I agree to a point.....However there are those people that have some knowledge and background that easy to teach, just as there are some people that are just starting with no experience that are NEVER going to make it, no matter how good their dog is. Not fair really to "generalize" all people into dogs.


----------



## Christopher Smith (Jun 20, 2008)

maggie fraser said:


> Does it mess with the control ???


Yes that's part of it. But the biggest thing is that I have never met a person that comes from other sports that dosen't have habits from the old sport that taint the new. It's something that takes years to erase. 

And remember, there are tons of very experanced people in one sport that "are NEVER going to make it, no matter how good their dog is" in a new sport also. :wink:


----------



## maggie fraser (May 30, 2008)

Christopher Smith said:


> Yes that's part of it. But the biggest thing is that I have never met a person that comes from other sports that dosen't have habits from the old sport that taint the new. It's something that takes years to erase.
> 
> And remember, there are tons of very experanced people in one sport that "are NEVER going to make it, no matter how good their dog is" in a new sport also. :wink:


Outlook and approach on both sides has a lot to do with it I suppose, but experience, some understanding of dogs and the familiarity of managing/reading animals can go a lot further.

We had a show on tv here a while back, it was about a guy who decided in his late twenties who really wanted to be a successful show jumper (horses). He managed to get sponsored, get himself a very good horse and very good training, showed great commitment and enthusiasm....what a fkn laughing stock he was :lol:, if you don't have it, you'll not compete with who matters!


----------



## Bob Scott (Mar 30, 2006)

Training, handling or teaching, there will always be those who are naturals, those that can learn to be good and some that will never get it.
Watching yourself in video can be a huge help as will learning under a good trainer. 
In Schutzhund the program is always the same. Practice the foos pattern without your dog. Don't go on the field as a beginner and have to think about the foot work AND the dog. Do the jumps, recall etc without your dog. Of course you'll look like a fool out there in the park all by yourself......but that's what dog folks are good at. :wink:
I'm guessing there are a lot of dog sports this could work for. I was doing it in AKC OB 25-30 yrs ago. Still haven't got it right! ](*,)


----------



## Laura Bollschweiler (Apr 25, 2008)

Bob Scott said:


> Practice the foos pattern without your dog. Don't go on the field as a beginner and have to think about the foot work AND the dog. Do the jumps, recall etc without your dog. Of course you'll look like a fool out there in the park all by yourself......but that's what dog folks are good at. :wink:
> I'm guessing there are a lot of dog sports this could work for. I was doing it in AKC OB 25-30 yrs ago. Still haven't got it right! ](*,)

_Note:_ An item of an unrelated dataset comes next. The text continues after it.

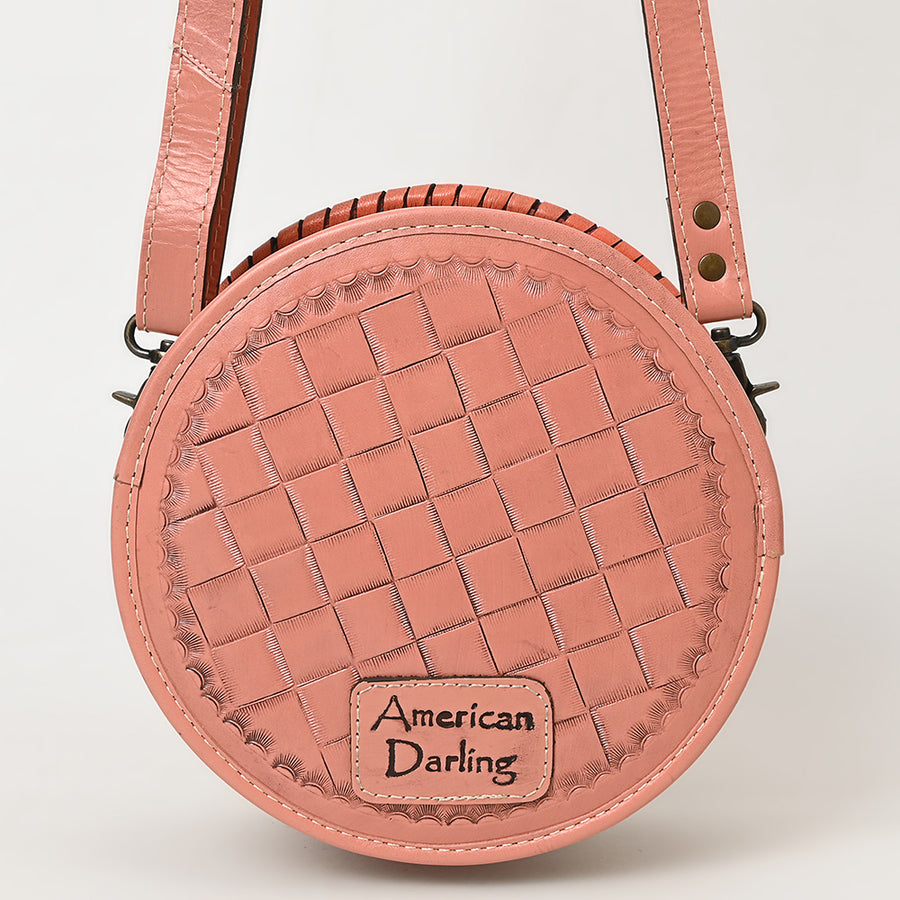 American Darling Western Leather Canteen Bag – Genuine Leather Hand-Tooled Floral Carved Round Crossbody for Everyday Use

I used to steward a lot in AKC obedience. One trial I was doing the heeling pattern (with no dog) for the judge. (For those who have never done AKC, the heeling pattern changes, so the judge will call a steward through the pattern so the first dog isn't at a disadvantage.) So after the heeling pattern was done, I said to the judge, "Hey, I got 200!" He said, "Nope, your dog was wide on the about turns."

Funny thing is, that's the problem I was having with my real dog, wide about turns! Turns out it was my fault...bad handling. Lesson learned: Keep your body over your feet.

Laura


----------



## Guest (Dec 1, 2008)

Christopher Smith said:


> Yes that's part of it. But the biggest thing is that I have never met a person that comes from other sports that dosen't have habits from the old sport that taint the new. It's something that takes years to erase.
> 
> And remember, there are tons of very experanced people in one sport that "are NEVER going to make it, no matter how good their dog is" in a new sport also. :wink:


I agree! Kind of like telling a former Marine grunt who now is in the Army to Lead a Raid/Ambush.....its the same, but the planning and execution part are a whole lot different....but don't tell that to a Marine! Get the picture?


----------